▼

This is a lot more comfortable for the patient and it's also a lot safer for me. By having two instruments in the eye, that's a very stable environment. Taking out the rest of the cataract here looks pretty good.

▲
▼

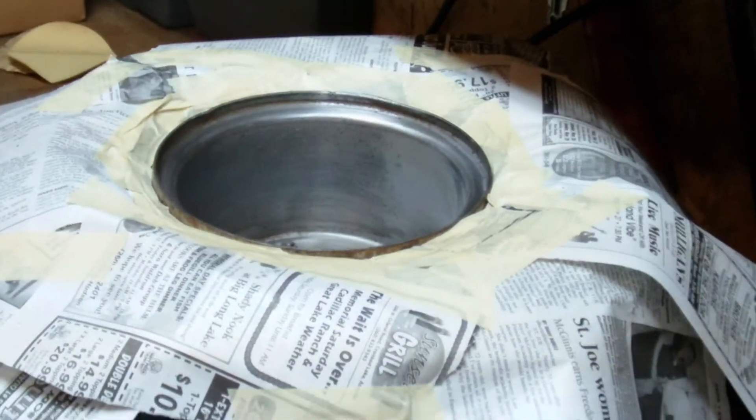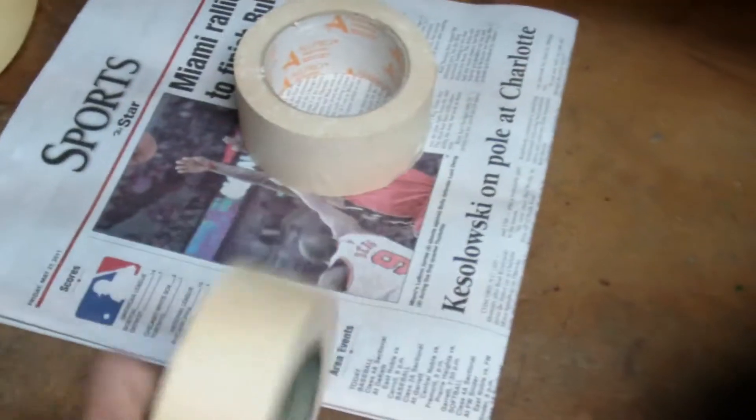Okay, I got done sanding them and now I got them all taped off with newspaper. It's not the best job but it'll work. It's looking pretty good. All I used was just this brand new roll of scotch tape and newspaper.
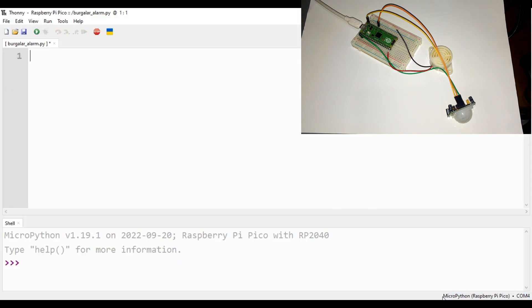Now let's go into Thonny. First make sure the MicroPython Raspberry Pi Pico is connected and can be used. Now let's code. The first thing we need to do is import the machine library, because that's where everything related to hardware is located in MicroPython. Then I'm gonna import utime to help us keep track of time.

▲
▼

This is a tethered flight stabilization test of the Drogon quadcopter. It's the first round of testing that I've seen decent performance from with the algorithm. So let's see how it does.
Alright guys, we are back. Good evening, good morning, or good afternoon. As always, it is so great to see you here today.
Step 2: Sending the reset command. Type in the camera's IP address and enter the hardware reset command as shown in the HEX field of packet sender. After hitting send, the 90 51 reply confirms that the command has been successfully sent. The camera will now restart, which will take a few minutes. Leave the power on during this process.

▲

Try it:
Above are the records; repeat exactly the lines from the one holding "This is a tethered" down to the one holding "Step 2: Sending", end lines included.

Worked solution:
This is a tethered flight stabilization test of the Drogon quadcopter. It's the first round of testing that I've seen decent performance from with the algorithm. So let's see how it does.
Alright guys, we are back. Good evening, good morning, or good afternoon. As always, it is so great to see you here today.
Step 2: Sending the reset command. Type in the camera's IP address and enter the hardware reset command as shown in the HEX field of packet sender. After hitting send, the 90 51 reply confirms that the command has been successfully sent. The camera will now restart, which will take a few minutes. Leave the power on during this process.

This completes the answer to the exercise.